Abdussamet Efendi (Bakkaloğlu): İsmail Hakkı Efendi’nin oğludur. 1305/1889 yılında doğduğu tahmin edilmektedir. 1330/1914 yılında Babasından icazet aldı. Genç yaşta vefat ettiği için dini hizmet verememiştir.
Ahmet Efendi (Hızal): Ataköylüdür. Heybeliada Camii imamı olarak tanınır. Daha sonra Yalova’ya nakletti. 1999 depreminde vefat etti.
Ahmet Şükrü Efendi) Abbasoğlu: Ahmet Şükrü Abbasoğlu, 1296/1880 yılında Çaykara Ataköy’de doğdu. Babası Muhammed Bahaeddin Efendi'dir. Öğrenimini tamamlayamadan 18 yaşında iken babasını kaybetti. Köyün imam ve hatiplik görevini üstlendi. Bir süre Taşkıran Köyü'nden Hacı Muhammed Efendi'den ve bir müddet de Bakkalzade İsmail Hakkı Efendi'den ders aldı. Sarı İmam olarak isim yaptı. Sonra İstanbul'da Saraçhane, daha sonra da Fatih Medresesi'ne girdi. Burada ünlü Tokatlı Şakır Efendi'den öğrenim görerek 1325 / 1909'de icazet aldı. Ahmet Şükrü Efendi güzel Kur'an-ı Karim okur ve güzel yazı yazardı. İyi Arapça bilirdi. 1959 yılında vefat etti.

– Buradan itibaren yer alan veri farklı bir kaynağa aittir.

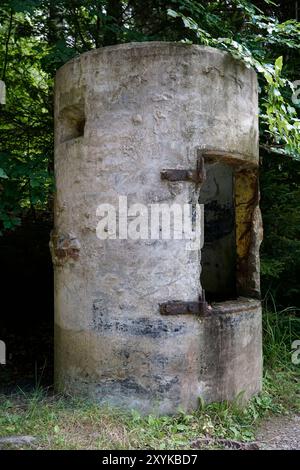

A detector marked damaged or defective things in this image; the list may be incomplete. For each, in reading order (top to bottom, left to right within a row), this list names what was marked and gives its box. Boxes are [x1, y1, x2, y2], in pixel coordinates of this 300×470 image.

rusted metal bracket [162, 153, 206, 185]
rusted metal bracket [159, 292, 209, 318]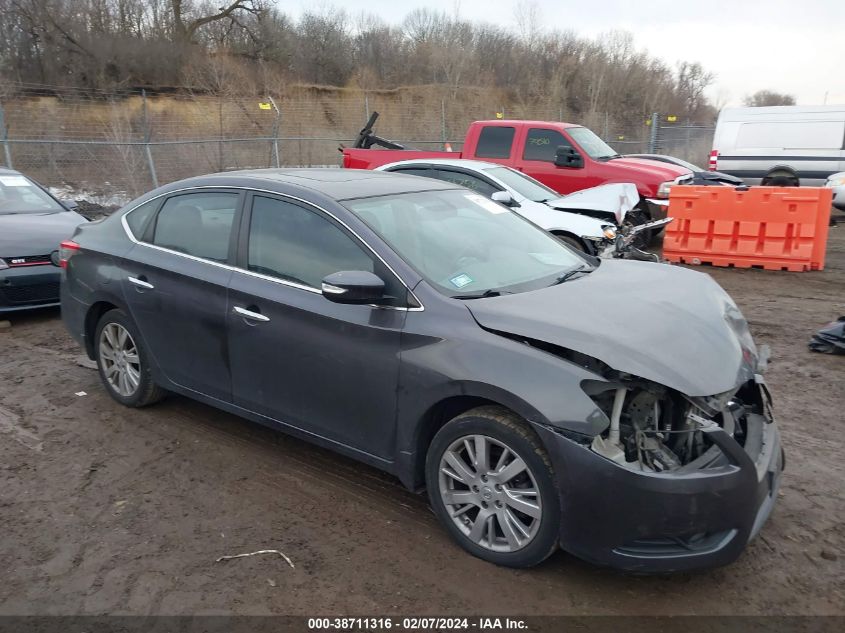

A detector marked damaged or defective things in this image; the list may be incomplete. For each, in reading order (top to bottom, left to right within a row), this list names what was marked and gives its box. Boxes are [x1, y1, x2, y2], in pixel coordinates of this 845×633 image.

Ali İhsan Efendi (Binler): 01.09.2003 tarihinde yaptığım sohbette kendisini bana şöyle tanıttı: “20.10.1926’da Ataköy’de doğdum. Dokuz yaşında hafızlığı bitirerek icazet aldım. Ondan sonra uzun seneler Hacı Mustafa Efendi’den Arapça okudum. Sübhaneke’yi altı ay okuduk. Kıraatle okumak kolay değildi. Hamit Efendi Abbasoğlu’ndan feraiz (matematik) okudum. Bu sıradan askerlik çağım geldi. Sarıkamış ve Erzurum’da askerlik görevimi yaptım. Teskere aldıktan sonra Ataköy’e gelerek ders vermeye başladım. Bir yandan camide imam-hatip görevini yürütürken bir yandan da talebe okutmaya devam ettim. Bir ara derse katılanların sayısı 30-40’a yükseldi. Bu kadar talebeyle teker teker uğraşmak bana ağır geldi. Rahatsızlanarak doktora gittim. Doktor hastalığımın nedenini anlayınca bana talebelerle teker teker uğraşmak yerine grup halinde ders vermeyi önerdi. 1954 tarihinden buyana talebe okutuyorum. Şu anda bile okuttuğum talebe var. Bunlardan biri bu köyde diğeri Samsun’dadır. Kışın Samsun’a gidiyorum. Her cuma günü orada bir camide vaaz veriyorum.” Ali İhsan Hoca Trabzon’a geldiğinde cuma günleri Ataköy Camii’nde vaaz verirdi. Bir gün kürsüde konuşmasını bir ayetle pekiştirmek ister. Eğuzu besmeleden sonra duraklar, ayeti hatırlayamaz. O her zamanki olgun ve alçakgönüllü haliyle dudaklarından şu üç kelime dökülür. “Öğrendik, öğrettik, unuttuk!” der. Zaman zaman Hanırmak yaylasındaki camide vakit namazlarında imamlık ederdi. Her duadan sonra bir cümle söylerdi. O cümle yarım saat yapılacak vaazın bir özeti niteliğinde olurdu. 31.10.2012 tarihinde 86 yaşında vefat etti. Mezarı Ataköy’deki evinin önündeki aile kabristanındadır.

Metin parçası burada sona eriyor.